Но было заметно, что он относится к седовласому посетителю уважением и не смеет ему перечить.
Всё внимание пациентов было приковано к этой четвёрке, пришедший то ли проведать меня, то ли пропесочить.
— Здравствуйте Александр Сергеевич, — обратился ко мне на «вы» Трубецкой, чего я не очень ожидал,— как себя чувствуете?
Он слегка улыбался и смотрел на меня отеческой заботой в глазах. Я поздоровался в ответ:
— Здравствуйте, Игорь Николаевич. Спасибо, чувствую себя хорошо.

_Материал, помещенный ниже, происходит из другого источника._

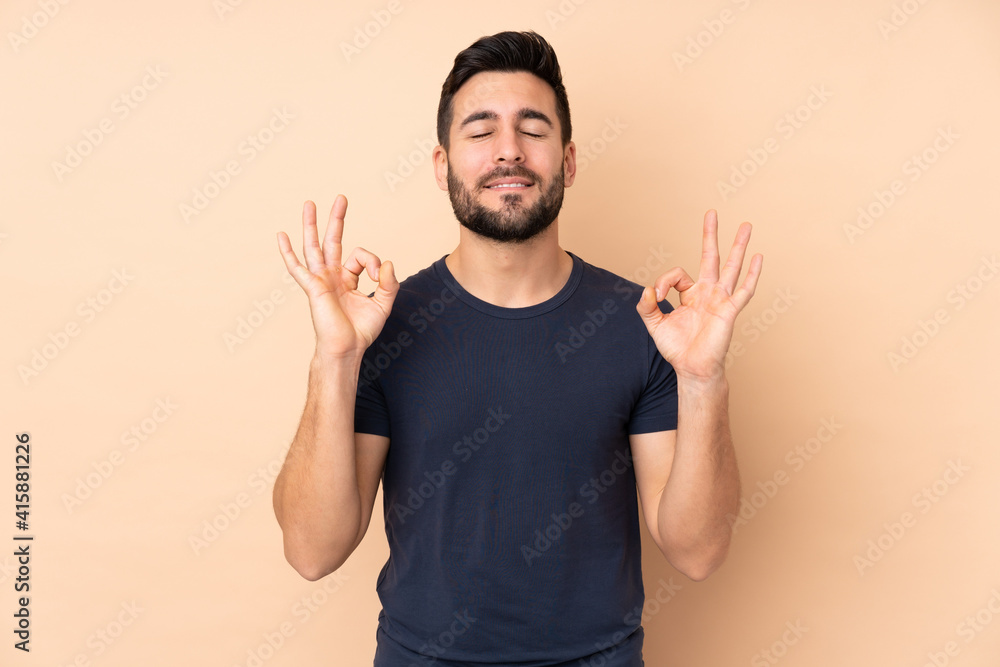 Caucasian handsome man isolated on beige background in zen pose Caucasian handsome man isolated on beige background in zen pose
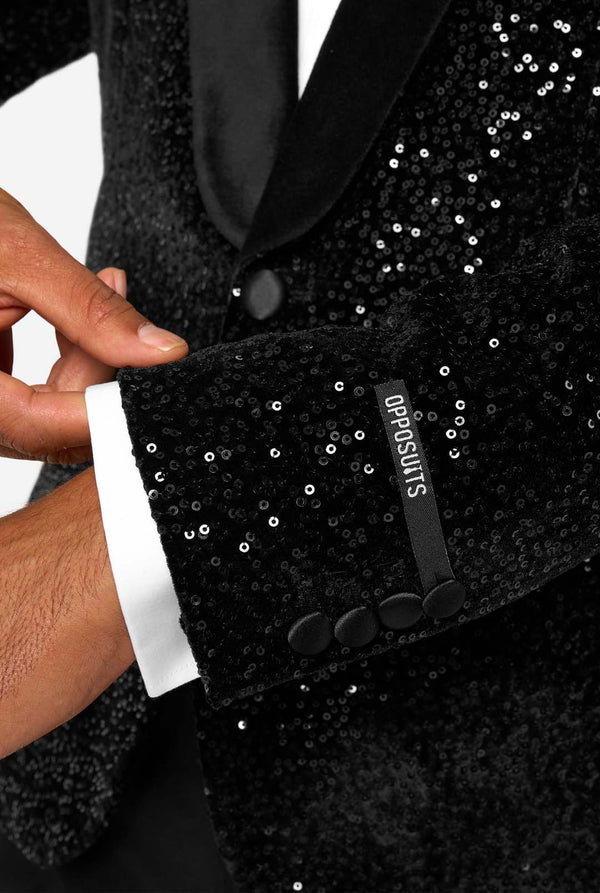 A man poses in a black sequined blazer or dinner jacket, wearing a solid white shirt underneath. Close up of the sleeves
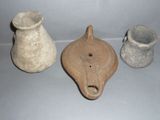 three clay vases are sitting next to each other on a table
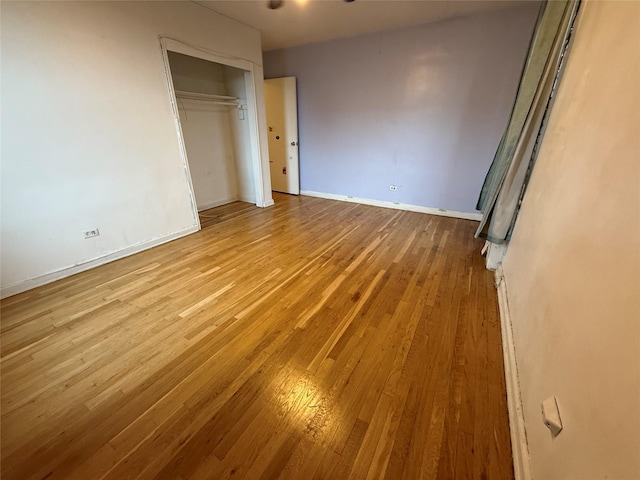 unfurnished bedroom with a closet and light hardwood / wood-style flooring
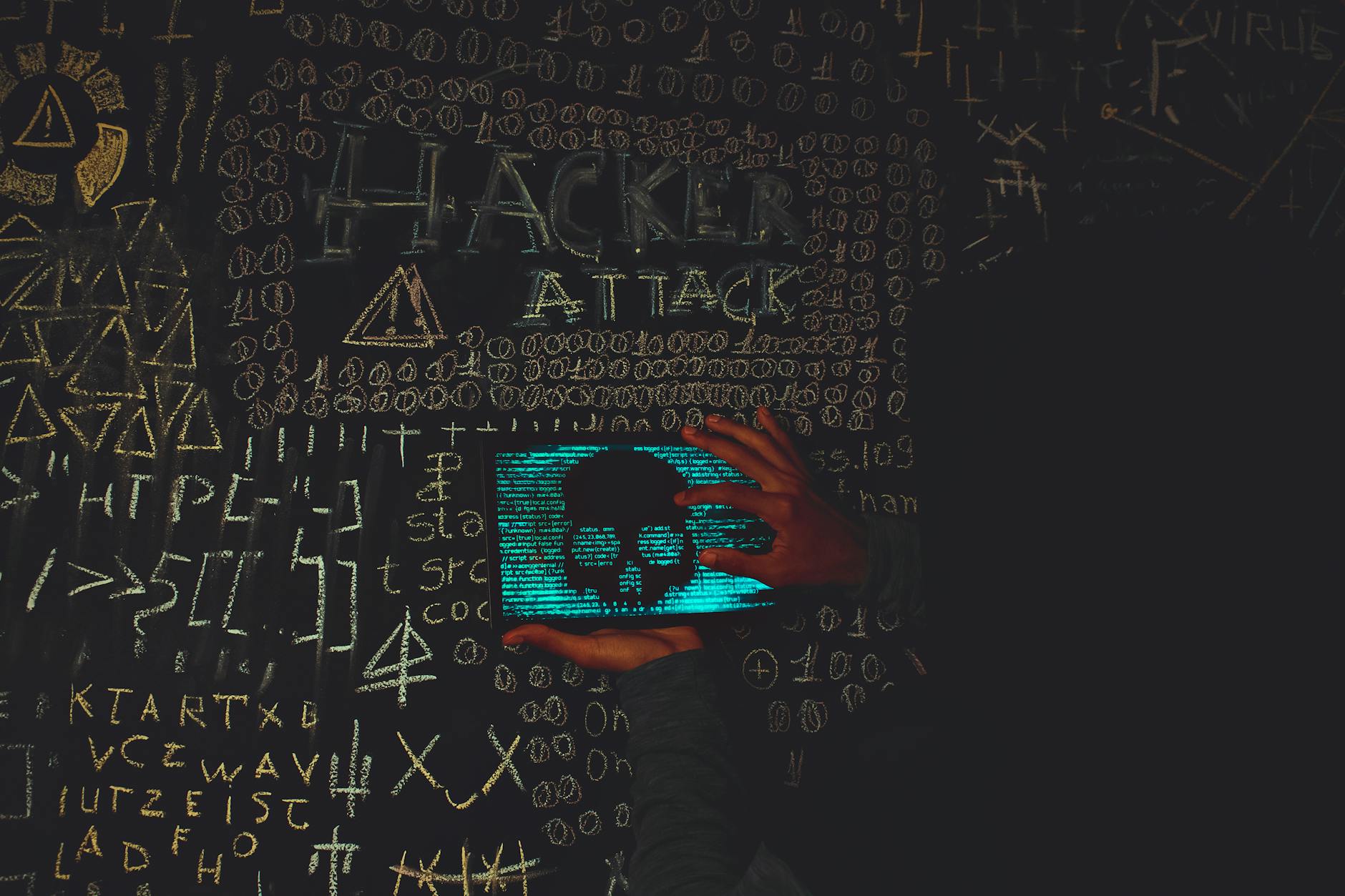 Haker w czarnej bluzie patrzy na tablet z czaszką i napisem Hacker Attack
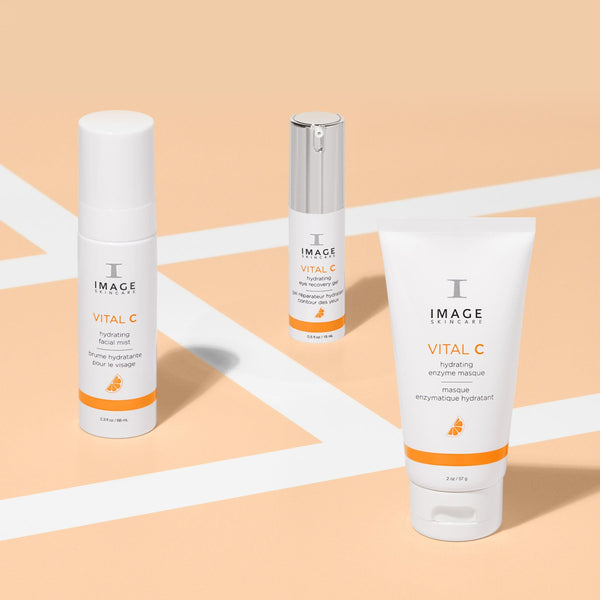 Three IMAGE Skincare products from the Vital C line including hydrating eye recovery gel | IMAGE Skincare, displayed on a peach-colored background for skincare and wellness.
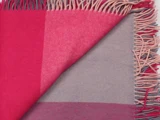 Et nærbillede af et frynset tæppe med et farveblokmønster i rosa og grå nuancer.
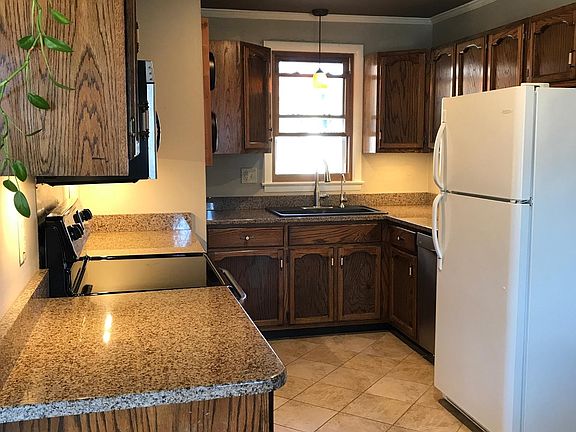 Lots of cabinets and countertop space. Dishwasher located next to the refrigerator.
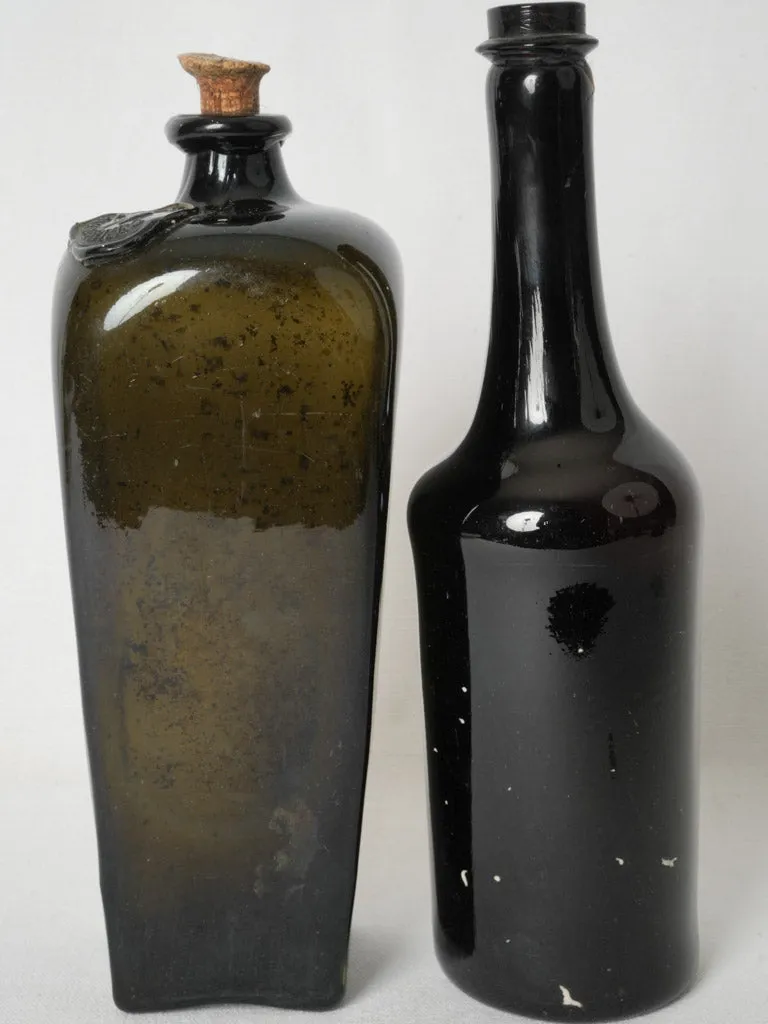 Set of 2 English antique blown glass bottles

Его правая бровь чуть заползла наверх оттого от того, что я тоже назвал его по имени. Ведь в прошлый раз мы с ним не познакомились или как там у них, у дворян говорят, не были представлены друг другу.
— Ну, что же. Это прекрасно. Я искренне рад, что все обошлось без трагических последствий.
— Присаживайтесь, пожалуйста.
Я предложил жестом руки сесть на стул, который стоял рядом с моей кроватью.
— Спасибо, — он отказался, — мы вас, не сильно потревожили?
— Нет, нет, что вы. Наоборот. Я хотел бы извиниться…
Но Трубецкой жестом ладони, как бы попросил меня умолкнуть, не дав договорить. В его осанке и внешнем облике было что-то особенное, неизъяснимое. То чего я раньше никогда не видел в живую, только в кино. От его фигуры буквально веяло вежливостью, благородством, чувством собственного достоинства и любви к людям.
— Получается, Александр Сергеевич, что вы со всеми нами знакомы, или как минимум уже встречались ранее?
— Не совсем, — ответил я разглядывая моего собеседника. Это был высокий красивый седовласый мужчина, загорелый и мускулистый, лет шестидесяти пяти. В его движениях и тембре голоса читалась искренняя доброжелательность и уверенность в себе.
— В прошлый раз Николая Соменко в гараже не было, я просто раньше видел его на гонках в Химках.
Четверо посетителей начали переглядываться между собой.
— Вот как. Вы интересуетесь гонками? — продолжал улыбаться Трубецкой.
Тут не выдержал и подал голос «азербайджанский пациент» из противоположного угла палаты:
— Да какой там «интересуется»! Слушай, отец! Он всех чемпионов гран при Монако по именам знает, все «ралли-малли» знает, кто-когда выиграл. Клянусь, честное слово, я таких пацанов в жизни не видел. Он только про машины и говорит, рот не закрывается у него.
Все обернулись в сторону больного, рядом с которым стояла женщина и санитарка, пришедшая заменить судно.